Source device identification is a key task in digital image investigation. The goal is to link a digital image to the specific device that captured it, just like they do with bullets fired by a specific gun (indeed, image source device identification is also known as “image ballistics”).
The analysis of Photo Response Non-Uniformity (PRNU) noise is considered the prominent approach to accomplish this task. PRNU is a specific kind of noise introduced by the CMOS/CCD sensor of the camera and is considered to be unique to each sensor. Being a multiplicative noise, it cannot be effectively eliminated through internal processing, so it remains hidden in pixels, even after JPEG compression.

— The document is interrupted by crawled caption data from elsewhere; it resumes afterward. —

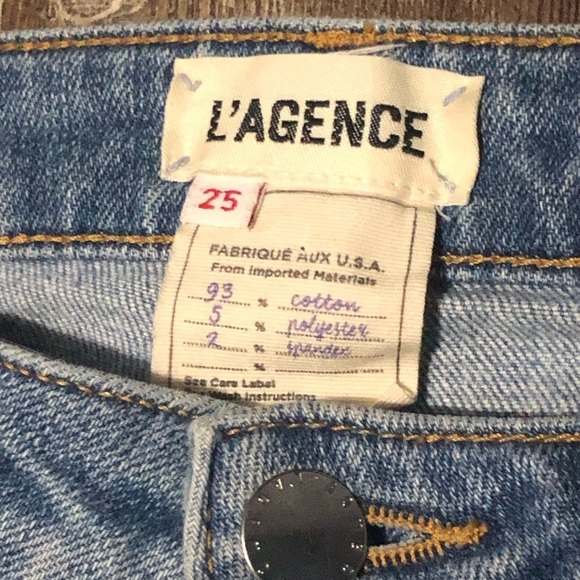 L'Ageence High Line Jeans Women's 25 Distressed Cropped Frayed Hem Curvy Denim - Picture 2 of 6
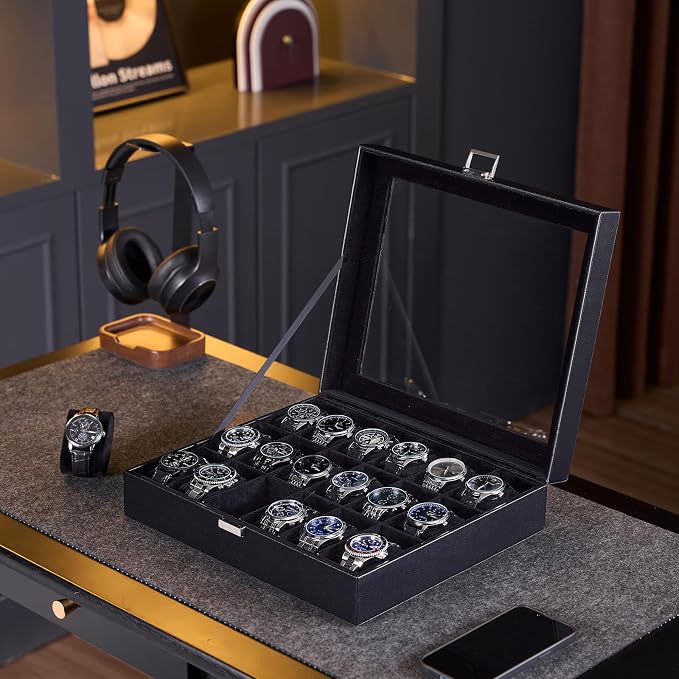ProCase Watch Box Organizer, 18 Slot Watch Display Case - Image 6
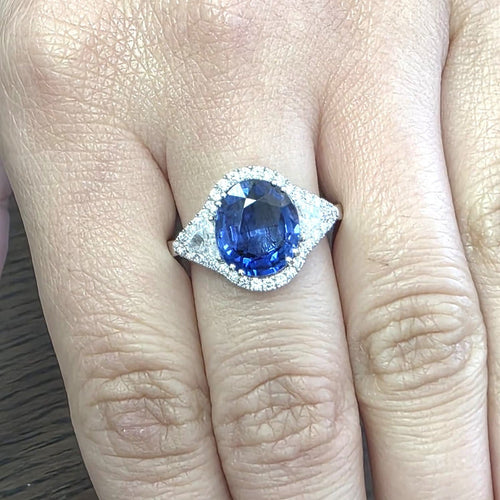 Bague 54 Bague en platine avec saphir Ceylan et diamants 58 Facettes 296/26 E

In order to test if an image comes from a given camera, first, we need to estimate the Camera Reference Pattern (CRP), characterizing the device. This is done by extracting the PRNU noise from many images captured by the camera and “averaging” it (let’s not dive too deep into the details). The reason for using several images is to get a more reliable estimate of the CRP, since separating PRNU noise from image content is not a trivial task, and we want to retain PRNU noise only.

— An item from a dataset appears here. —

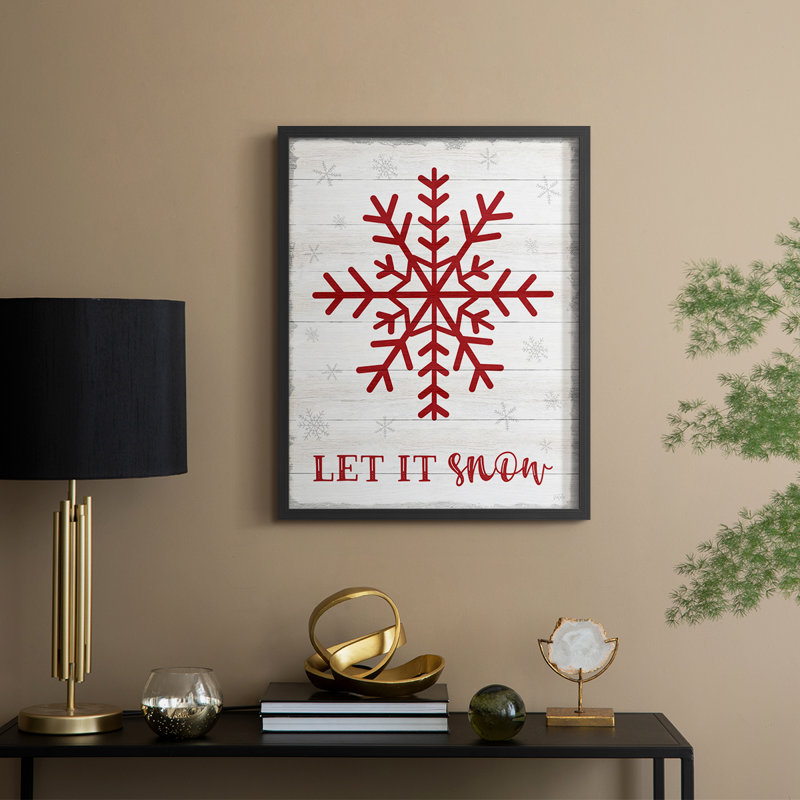 Let It Snow Snowflake, reproduction encadrée - bois massif, H 11 po x l 9 po, Noir, noir, noir, noir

After the CRP is computed and stored, we can extract the PRNU noise from a test image and “compare” it to the CRP: if the resulting value is over a given threshold, we say the image is compatible with the camera.
Camera identification through PRNU analysis has been part of Amped Authenticate for quite some time. However, many of our users told us that the filter was hard to configure, and results were not easy to interpret. So, since the end of last year, a new implementation of the algorithm was added (Authenticate Build 8782). The new features included:
Advanced image pre-processing during training
In order to lower false alarms probability, we implemented new filtering algorithms to remove artifacts that are not discriminative, something that is common with most digital cameras (e.g., artifacts due to Color Filter Array demosaicking interpolation).